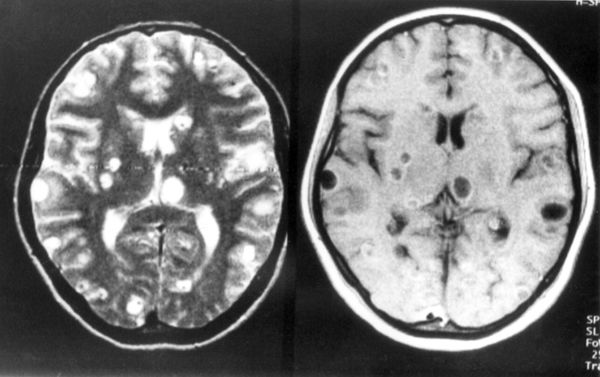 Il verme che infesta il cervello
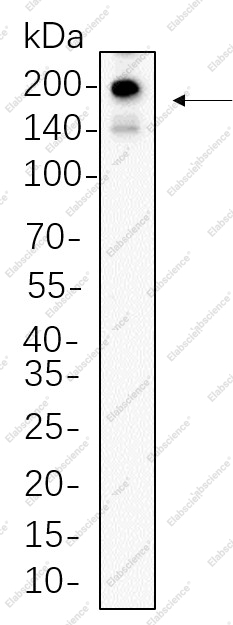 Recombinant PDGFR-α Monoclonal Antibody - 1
* * *
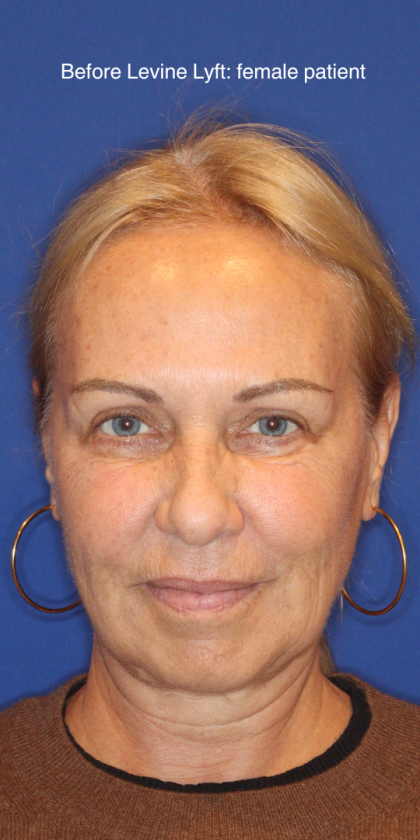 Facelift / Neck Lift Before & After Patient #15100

What you will do → With the pictures omitted, print the lines above exactly, beginning at the line with "Il verme che infesta il cervello" and going on through the line with "Recombinant PDGFR-α Monoclonal Antibody - 1".

Output →
 Il verme che infesta il cervello
 Recombinant PDGFR-α Monoclonal Antibody - 1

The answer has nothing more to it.